‘Late Night With Seth Meyers,’ go to bed
He can be a funny guy but he comes up short as a talk show host
March 7, 2014
When Tom Hanks appeared on the second night of Conan O’Brien’s new TBS talk show, he looked around the generic set and said ironically, “You have taken the late-night chat-show format and blown it out of the water!”
But O’Brien had an excuse for moving his version of “The Tonight Show” intact to cable: If he changed anything, it could be seen as an admission that NBC was right in pushing him out.
Seth Meyers, who is basically starting from scratch as the new host of NBC’s “Late Night,” doesn’t have an excuse, but he’s brought nothing new to the gig. Although he has worked through his early stiffness, his performance in his monologues, interviews and comedy bits is average, and his personality and comic stance remain hard to grasp.
The show has chosen to forgo Meyers’ proven skill as a fake newsman without finding anything else that plays to his strengths.
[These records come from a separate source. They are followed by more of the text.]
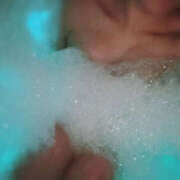 ヒメ日記 2025/05/09 21:27 投稿 しほ☆×2新人割適用 現役AV監督プロデュース　M-プレミア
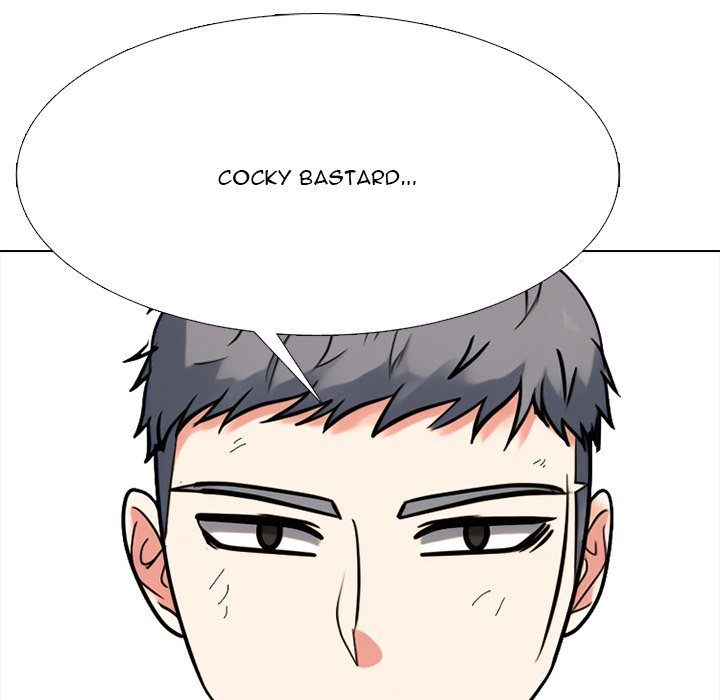 high-school-devil-chap-358-139
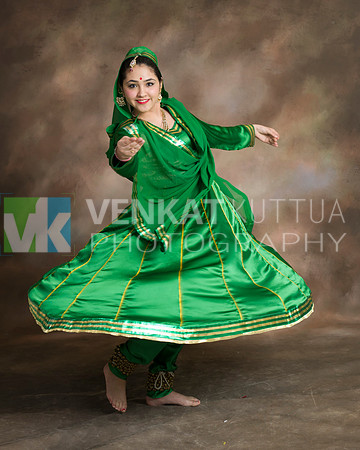 KKNB_Photoshoot1-142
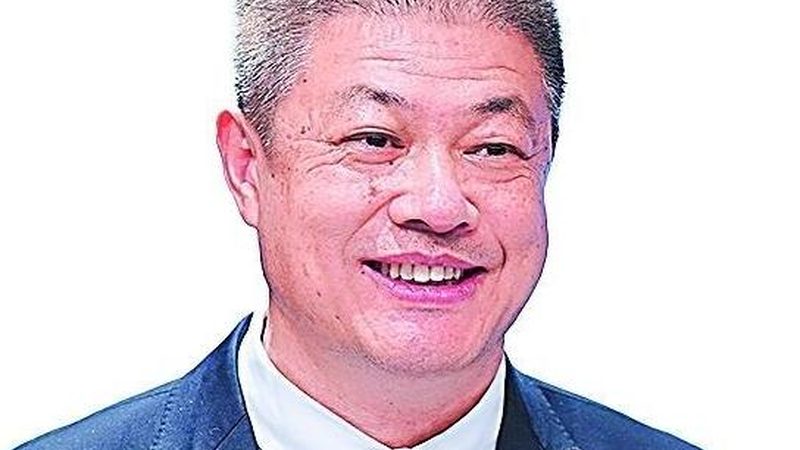 涂料化工代理加盟，你需要了解的关键因素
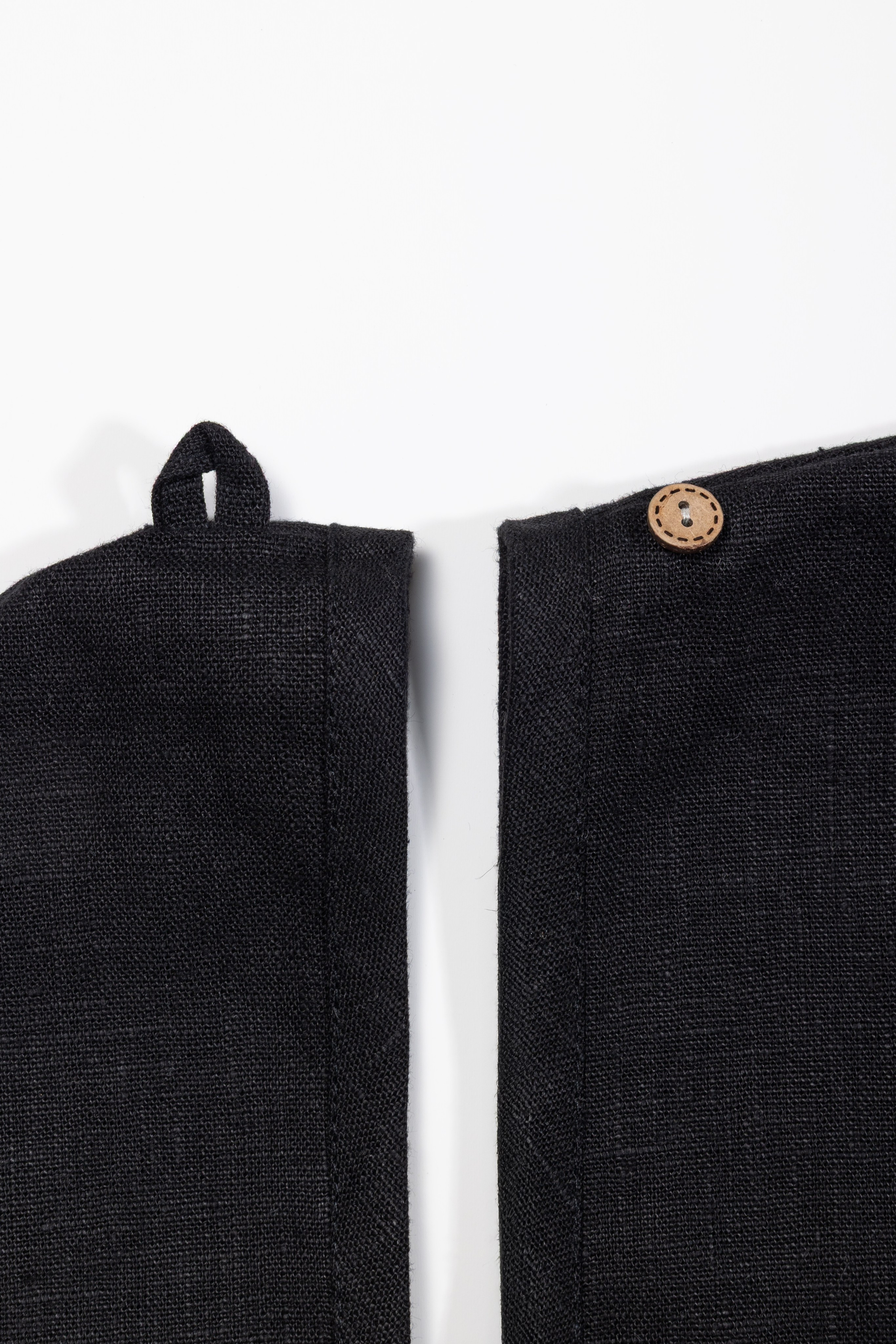 Предметка. Коммерческий фотограф Екатерина Харыбина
Though Meyers should be able to coast for a while on the lead-in audience from Jimmy Fallon’s “Tonight Show,” he’s going to have to come up with some reason for viewers to seek him out.
In his first episode, on Monday, Feb. 24 (or the morning of Tuesday, Feb. 25), Meyers looked like a beginner during the opening monologue. Staring straight ahead for much of it, he seemed to be reading off cue cards. This was in character when Meyers was anchoring the “Weekend Update” segments on “Saturday Night Live,” but it made him seem stiff and nervous doing standup.
By this week’s Tuesday and Wednesday night shows, however, Meyers had learned to look left and right and pretend to make eye contact with the studio audience. It was a great improvement.
Given Meyers’ years of experience working with topical material, it’s surprising that the jokes in the monologues aren’t more on-point. On Wednesday, noting that Steven Spielberg is considering making a remake of “West Side Story,” Meyers said that “the Spielberg version will feature actual sharks and actual jets.”
The comedy bits have been a mixed bag. In the first show, a routine using Venn diagrams largely misinterpreted what a Venn diagram is. On Tuesday, Meyers speculated about what famous people in photos were texting. Ben Affleck, for example, was writing to Christian Bale, “How do you do the Batman voice. Any chance he might be from Boston?”
On Wednesday, Meyers challenged one of his writers to detangle some headphones faster than Meyers could explain the current situation in Ukraine. After the writer lost, he said that Meyers had threatened to fire him if he won.
The celebrity interviews have been a mixed bag. On the first night, Meyers’ former “Update” co-anchor Amy Poehler was reliably delightful, and their banter was quick. Nonetheless, it didn’t sound that implausible when Meyers said, “We have faked chemistry so well over the years.”
Poehler brought out the best in the next guest, Vice President Joe Biden, who seems to have become her soul mate since his appearance on her sitcom “Parks and Recreation.”
On the other hand, Wednesday’s interview with Ice-T and his wife and reality-show co-star, Coco, was a long slog, unredeemed by the fact that Coco and Meyers’ wife attended the same Montessori school in Albuquerque, N.M.
A highlight of each show is Meyers’ brief chats with his bandleader, Fred Armisen, another former “SNL” colleague. Spontaneous if not wholly improvised, they let Armisen’s oddball personality shine. In one, he discussed his new History Channel show, which covers the history of the previous hour and airs whenever the channel tells him.
Those chats underscore two problems with Meyers as host. First, he is more skilled as a straight man than as a monologist. Many of his best moments on “SNL” came when he was the foil to one of the guest commentators on “Update,” like Bill Hader’s Stefon.
But more important is Meyers’ lack of a strong persona that we can identify and that he can use as a springboard for comedy. Whereas David Letterman is the grouchy neighbor, Jimmy Fallon is the eager-to-please little brother and Fred Armisen is the out-there colleague, Meyers is…the smart guy?
When he told an anecdote about his inability to handle a flat tire while on a weekend getaway with his wife, the story suffered because it’s hard to imagine him having a wife, or even having weekends.
A news anchorman, real or fake, can thrive for decades without projecting relatability and humanity. But if Meyers wants to be the last person a lot of people see before going to bed, he’s going to have to find a way to tell us who he is and why we should like him.